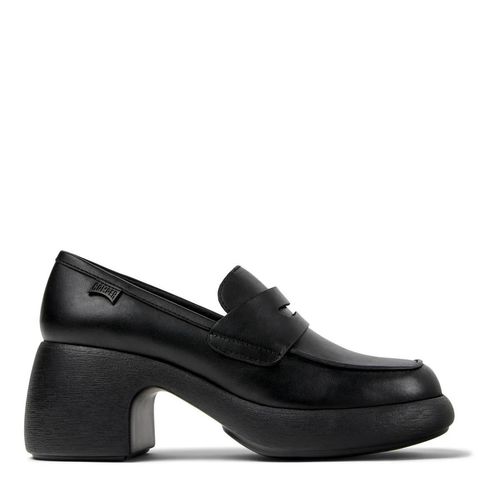 Camper Loafer - Mokassins Thelma II Twins - Gr. 38 (EU) - in Schwarz - für Damen Image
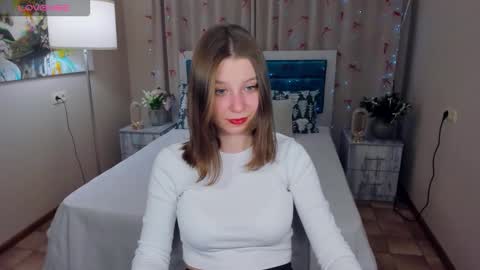 Snapshot of rinacake chatting on 10, 1, 2026 rinacake online show from 10, 1, 2026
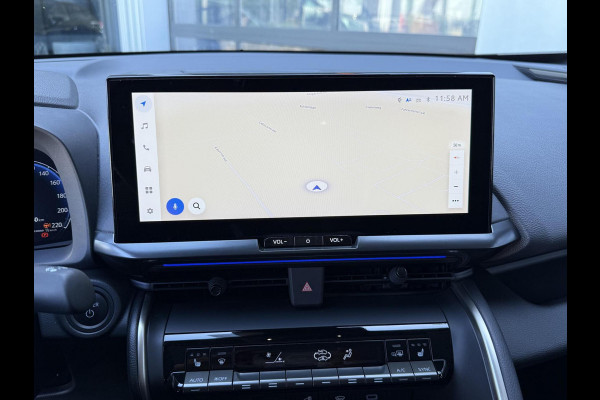 Toyota C-HR 1.8 Hybrid 140 Executive|JBL|ACC|PANO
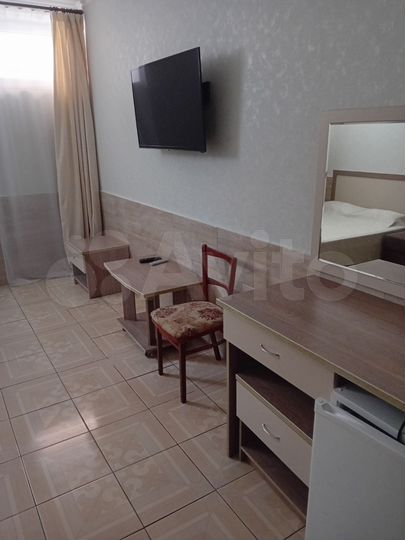 Комната 25 м², 1/1 эт.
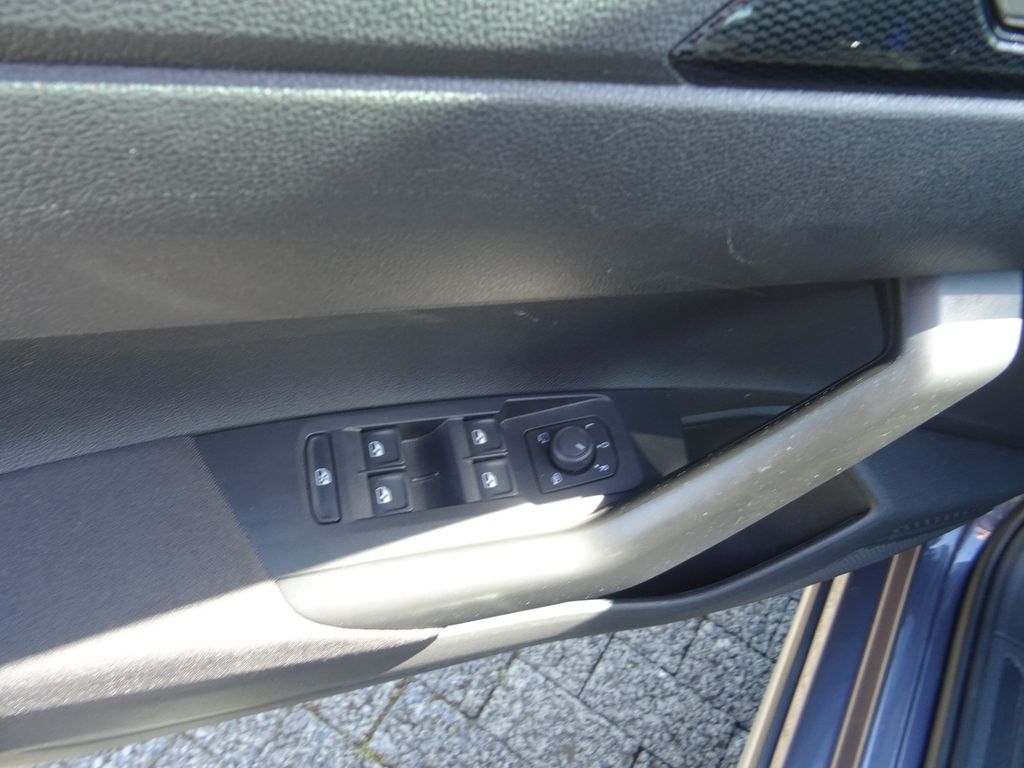 Volkswagen Taigo 2025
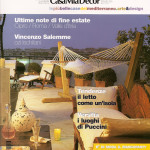 CASA MIA DECOR 09/2007 CASA MIA DECOR 09/2007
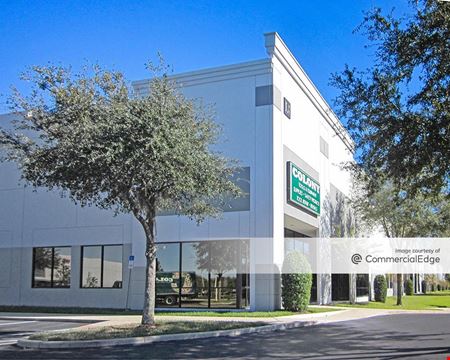 Industrial space for Rent at Prologis Park at AIPO - 2487 Tradeport Drive in Orlando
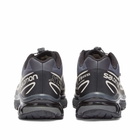 Salomon XT-6 Gore-Tex Sneakers in Black/Ebony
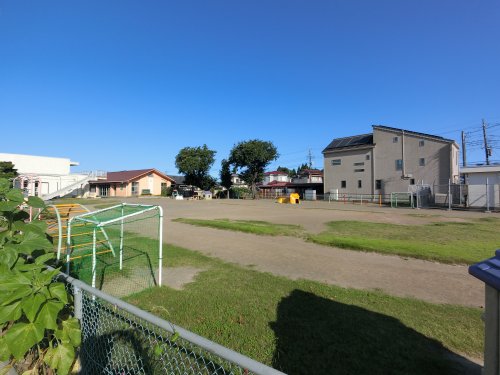 幼稚園・保育園　八街市立八街保育園（幼稚園・保育園）まで949m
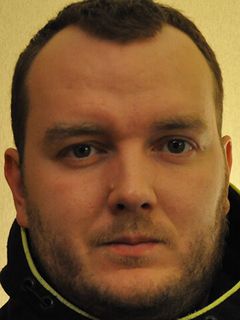 Михаил Расходников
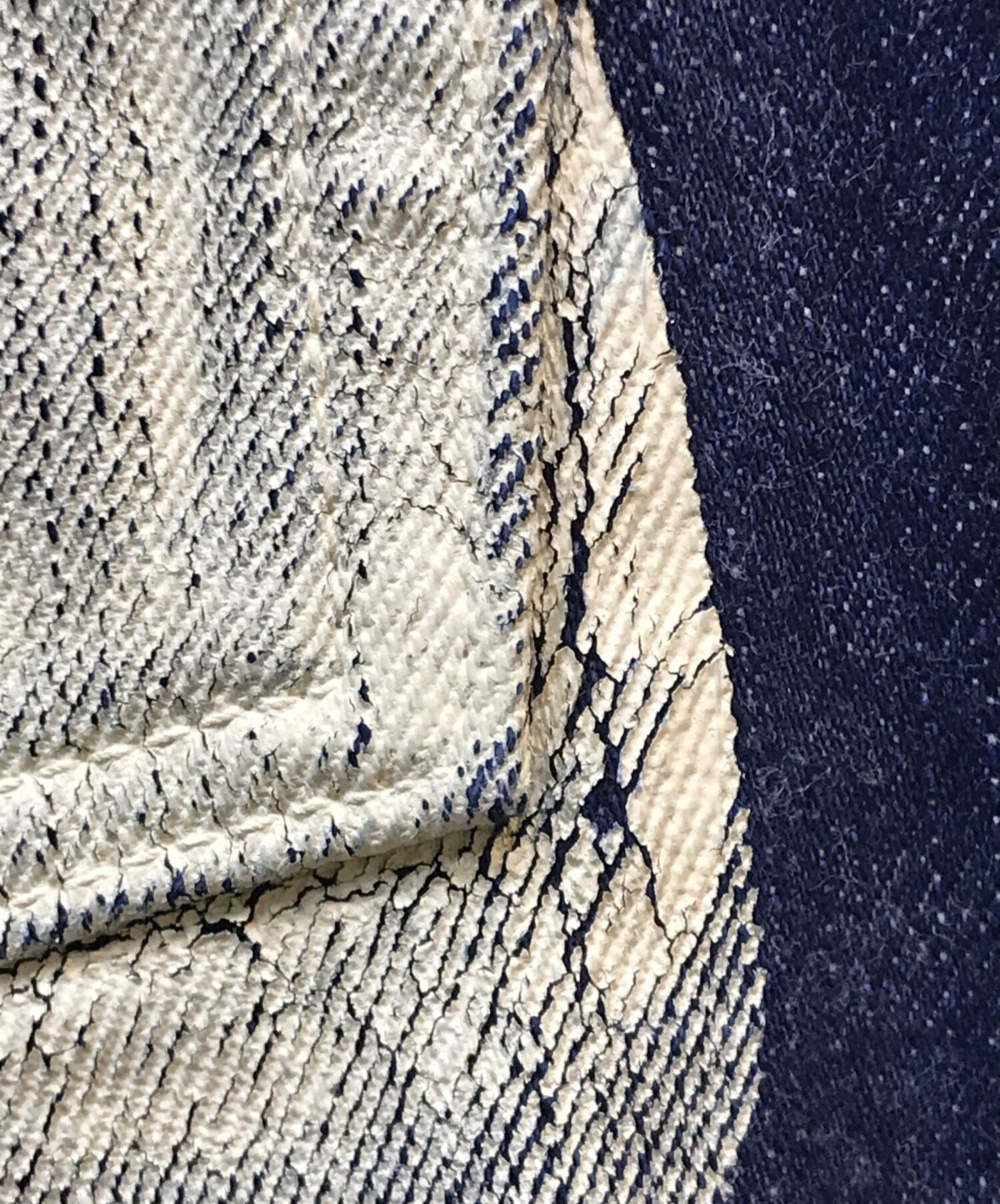 中古・古着通販】EVISU (エビス) 2001/マイティー エヴィス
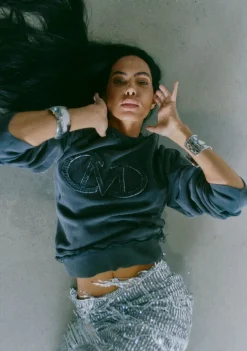 COPENHAGEN MUSE SWEATER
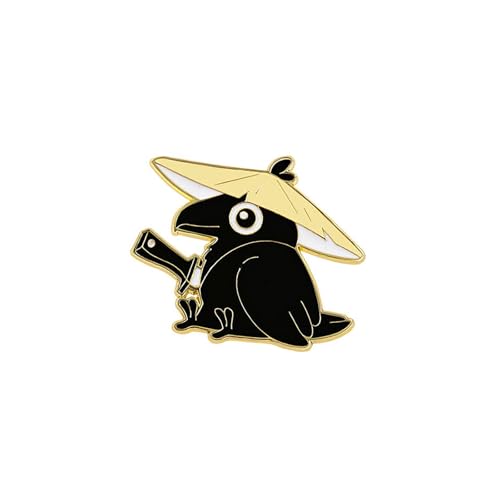 Mehrzweck-Brosche mit elegantem Design, tragbares Mode-Accessoire für Darsteller, tägliches Outfit, stilvolle Mode-Brosche, Einheitsgröße, Wie beschrieben von ZUJIABAO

-------------------------

## [Assignment]
In the answer, set down only the lines from the opening line of the listing through the line that holds "幼稚園・保育園　八街市立八街保育園（幼稚園・保育園）まで949m", exactly as they appear, minus the pictures.

## [Result for this exercise]
 Camper Loafer - Mokassins Thelma II Twins - Gr. 38 (EU) - in Schwarz - für Damen Image
 Snapshot of rinacake chatting on 10, 1, 2026 rinacake online show from 10, 1, 2026
 Toyota C-HR 1.8 Hybrid 140 Executive|JBL|ACC|PANO
 Комната 25 м², 1/1 эт.
 Volkswagen Taigo 2025
 CASA MIA DECOR 09/2007 CASA MIA DECOR 09/2007
 Industrial space for Rent at Prologis Park at AIPO - 2487 Tradeport Drive in Orlando
 Salomon XT-6 Gore-Tex Sneakers in Black/Ebony
 幼稚園・保育園　八街市立八街保育園（幼稚園・保育園）まで949m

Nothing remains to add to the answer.